Thur. 9/13/07 ~ St. Augustine, FL the oldest city in North America

We were picked up by a shuttle at the campground and taken the short distance to the historic part of St. Augustine. We got tickets for the narrated train tour through the city. We visited the Castillo de San Marcos, a fort built between 1672 and 1695. The fort was made entirely of coquina stone and its walls are four feet thick at the top and 10 feet thick at the base. Coquina stone is a sedimentary stone formed by shells and fossils. The fort provided a stronghold for the Spanish settlement and the residents of St. Augustine. Although the fort was under the control of Spain and Britain and then Spain, all of the changes were due to treaty as the fort never fell to a siege.

The tour continued to "The Fountain of Youth" and the landing site of Juan Ponce de Leon who landed here on April 3, 1513. A stone cross on the ground adjacent to the Fountain of Youth contains 15 stones long and 13 stones across marking the year 1513. The longest permanent settlement in North America, St. Augustine, was started in 1565.

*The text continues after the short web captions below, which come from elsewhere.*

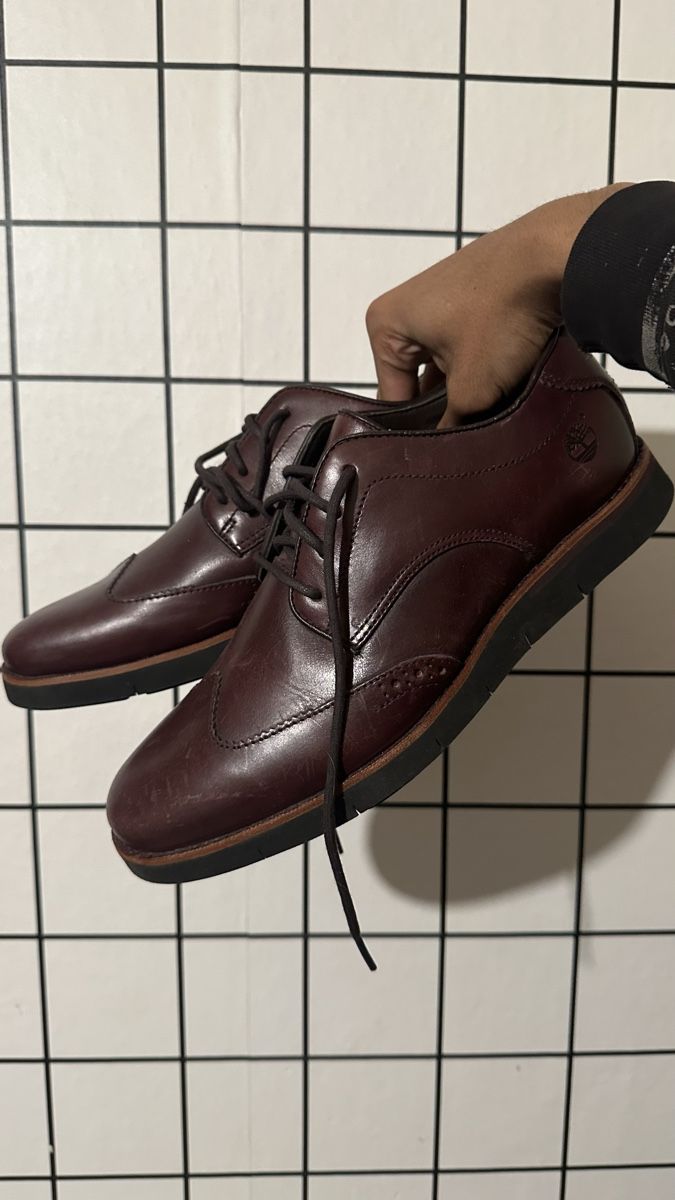 Timberland Scarpe da uomo: Stylish Timberland Brogue Shoes Size 42 – Usato da Genève venduto da ravehotline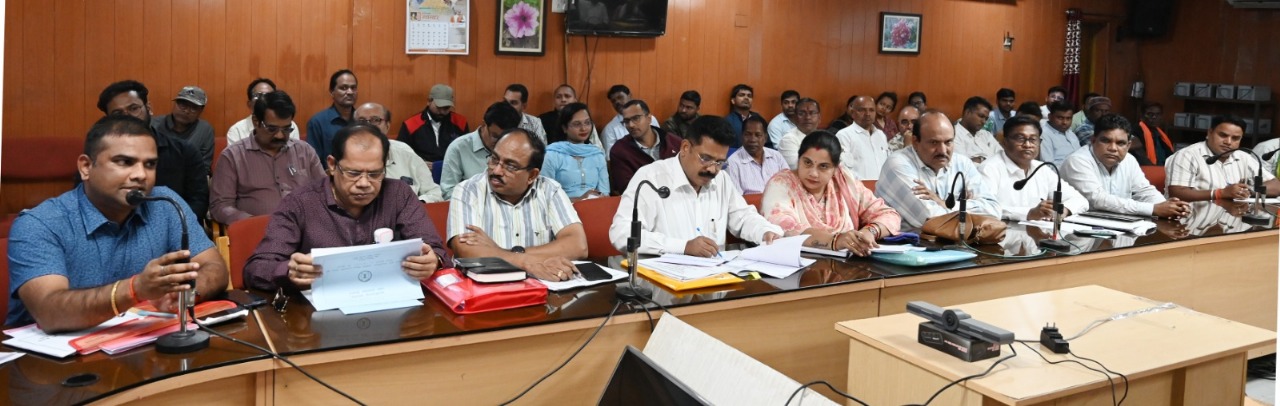 बैठक में उपस्थित अधिकारी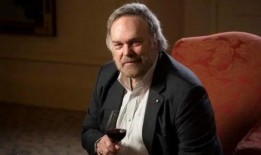 吃瓜罗伯特先生,吃瓜罗伯特先生的趣味生活揭秘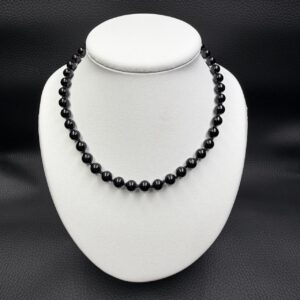 Collier en Spinelle Noir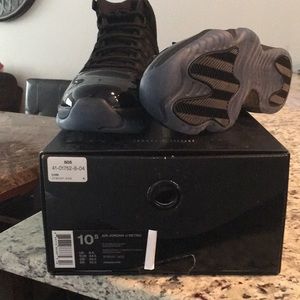 Air Jordan 11 cap and gown size 10.5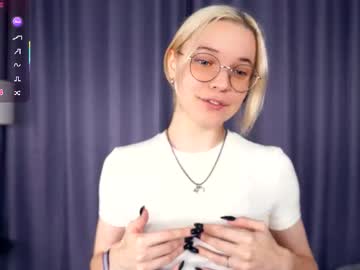 Deannmaslen Chaturbate stream image from December 04, 2025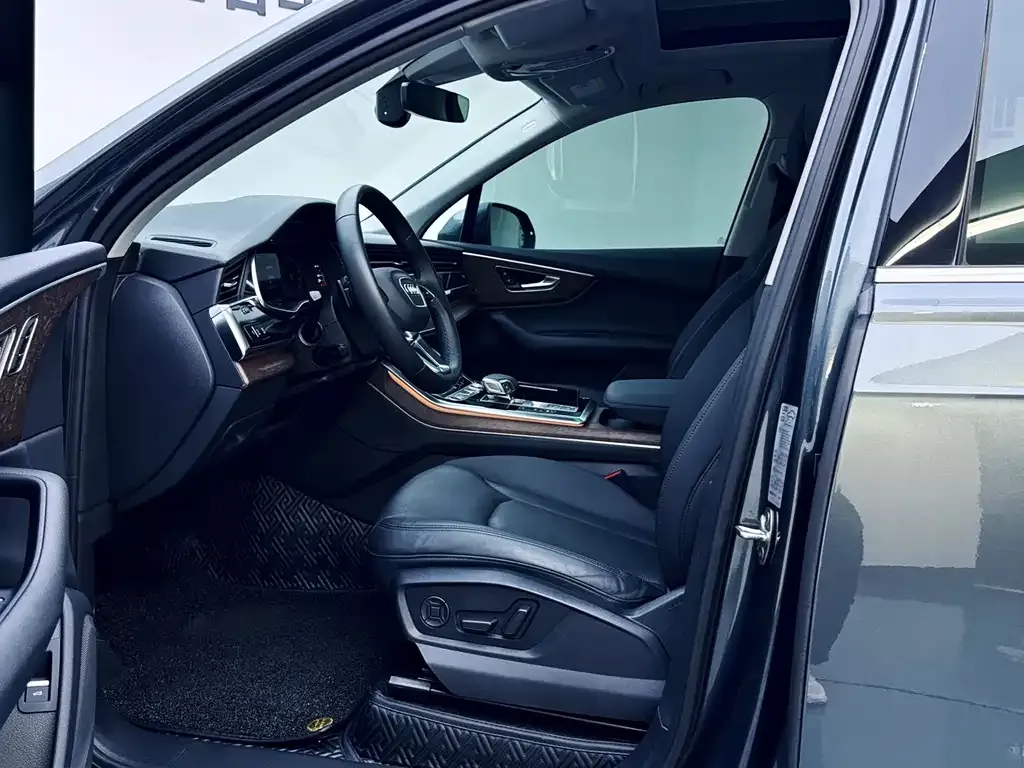 Audi Q7 2021 из CN, фото 10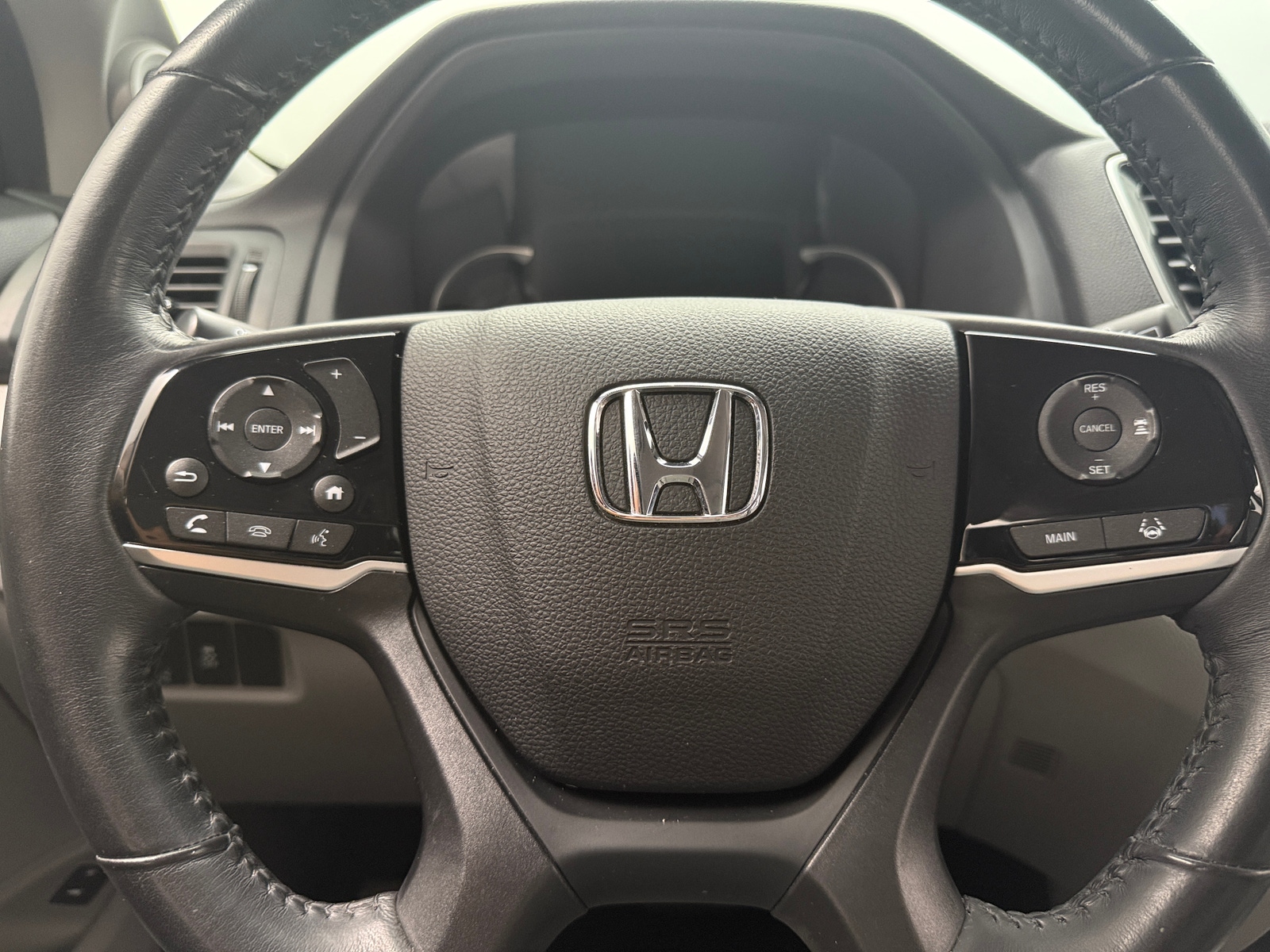 Thumbnail: 2019 Honda Pilot - 4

We saw the hotels built by Henry Flagler, a self-made millionaire who was personally responsible for turning Florida into a tourist destination. His Ponce de Leon hotel was the most modern and luxurious hotel of its time. Every room had a fireplace, it was one of the first hotels to have electricity (installed by Thomas Edison), and it was decorated with millions of dollars worth of stained glass by Tiffany. A second hotel the Alcazar Hotel was built to provide entertainment for the guest at the Ponce de Leon Hotel. The hotel had Turkish baths, a huge covered indoor pool, movies, tennis, bowling, shooting galleries, and dance halls.

After our tour we came back home and then took our car to dinner at a local seafood restaurant recommended by the owner of the local bead store. Tomorrow we will head to Savannah, GA.